I was recently the recipient of two gorgeous bunches of organic Lacinato kale from SunCoast Organics. You might know it as dinosaur kale, Tuscan kale or cavolo nero. It’s the kind that has long, dark, embossed, plume-like leaves as opposed to its curly-leafed cousins. Lacinato kale has a slightly sweeter and more delicate taste than curly kale, and is lovely in soups, stews or even salads.
One of my favorite ways to enjoy kale is in Caldo Verde, a Portuguese soup made with greens, potatoes and smoky chouriço sausage. It’s a hearty, rustic dish that I make often. But for this kale, I wanted to try something new. I found the perfect recipe on Molly’s site, and I ran with it.
Boiled Kale with a Fried Egg and Toast is the simplest of simple dishes, yet it is so incredibly delicious. It’s just kale, simmered in chicken stock with onions, and served on toast with a luscious, gooey, runny fried egg on top. If you’re feeling really daring like I was, you can also fry up some bacon to toss in the mix. No fancy bells and whistles here. Yet, once I began thinking about this guileless little dish, I couldn’t stop!
The first thing you have to do is prepare the kale, by trimming off the tough stems, rinsing it like crazy and cutting it into ribbons.
Next, you sauté some onions and wilt the kale. Then, add chicken or vegetable stock and simmer it all, slowly, until the kale is soft and tender. I forgot to take a picture of this part. I guess I was too excited about the impending bacon fry.
Everything’s better with bacon – especially fried eggs. They’ve been going steady for years.
Where there’s bacon, there’s bacon fat. Slide a few farm fresh eggs right down into some. If you don’t use bacon, just fry the eggs in good old olive oil.
Plop a nice, thick slice of toasted bread in a bowl, ladle on some kale, toss on a little bacon and top with one of those pretty fried eggs – or two. I sprinkled some shredded Parmesan on top of mine too.
Oh, baby! It just doesn’t get much better than this, people! Come on – be honest. Could you resist this?
Boiled Kale with a Fried Egg and Toast
from the Zuni Café Cookbook via Orangette
1 pound kale
5 Tbsp. olive oil
1 medium yellow onion, thinly sliced
1 teaspoon dried red pepper flakes
3 large garlic cloves, thinly sliced
6 cups chicken stock, vegetable stock, or water
4 thick slices of country bread
4 slices thick-cut bacon
Parmigiano Reggiano or Pecorino Romano, grated for sprinkling
Prepare the kale by trimming away any discolored spots and removing the tough ribs and stems from the leaves.
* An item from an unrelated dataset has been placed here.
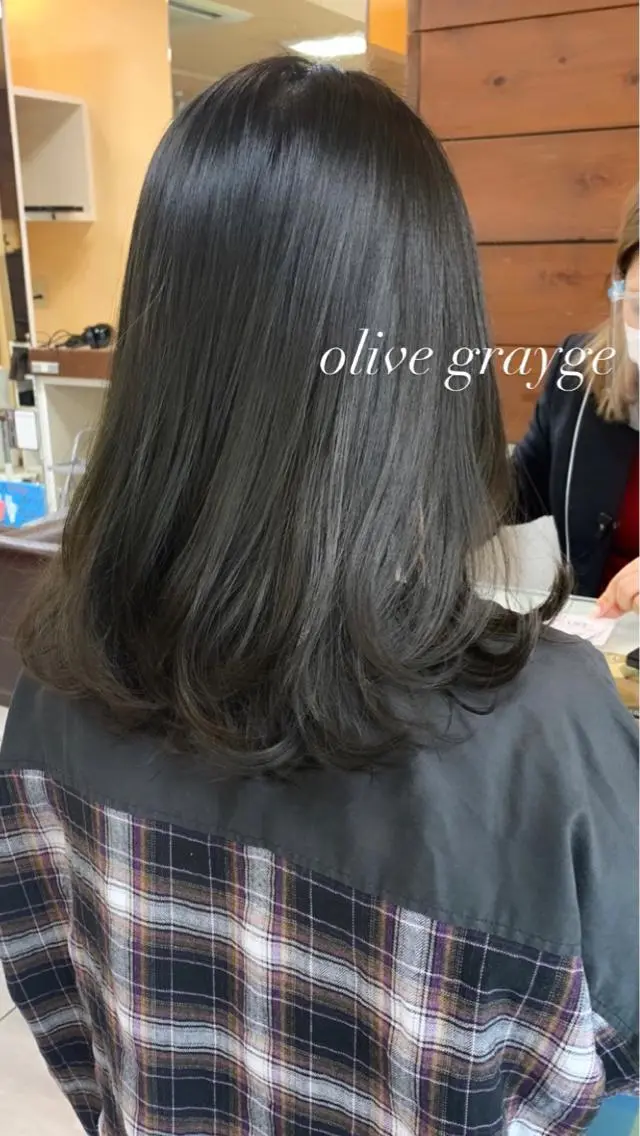 ミディアム レイヤー/艶髪カラー 森本くるみのヘアスタイル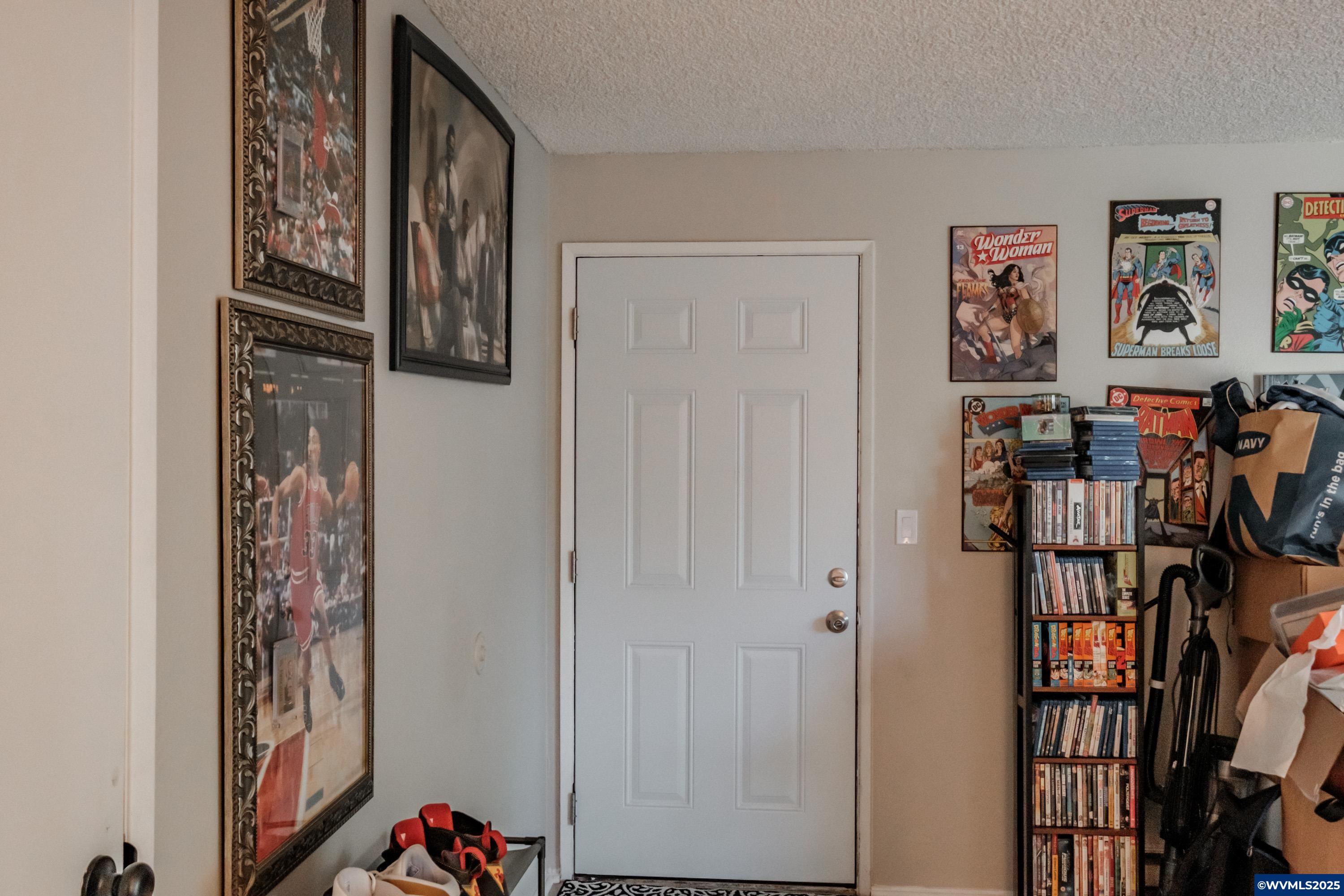 297 W Main St, Monmouth, OR, 97361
To chiffonade the leaves, stack 3 or 4 at a time on top of each other, roll them up and then slice them into 1/4-inch-thick ribbons. Dump the sliced kale into a bowl or salad spinner and soak in cold water. Swish it around a bit to loosen any dirt and grit. Let stand for a minute or two, drain and rinse again. Spin dry or pat dry with paper towels.
In a large saucepan or stock pot, heat the 5 tablespoons of olive oil over medium heat. Add the onions, and cook, stirring occasionally, until they are tender, but still firm. Add the red pepper flakes, garlic and the kale, and stirring until the kale is fully wilted. Add stock to cover the kale. Bring to a simmer, cover and continue to simmer until the kale is tender but not mushy, about 30 minutes. Add salt and pepper to taste.
While kale is simmering, fry up the bacon in a skillet. Drain on a plate lined with paper towels, and cut into bite sized pieces. Set aside.
When kale is finished cooking, fry the eggs in the skillet with a few tablespoons of the remaining bacon fat.
To serve, toast one slice of bread per person. While still hot, lightly rub both sides of the toast with raw garlic. Place the toast in the bottom of a wide soup bowl. Pile some kale onto the toast in each bowl with some of its juices. Strew some bacon into each bowl. Drizzle with a little bit of olive oil and top each with a fried egg. Sprinkle some grated cheese on top and serve.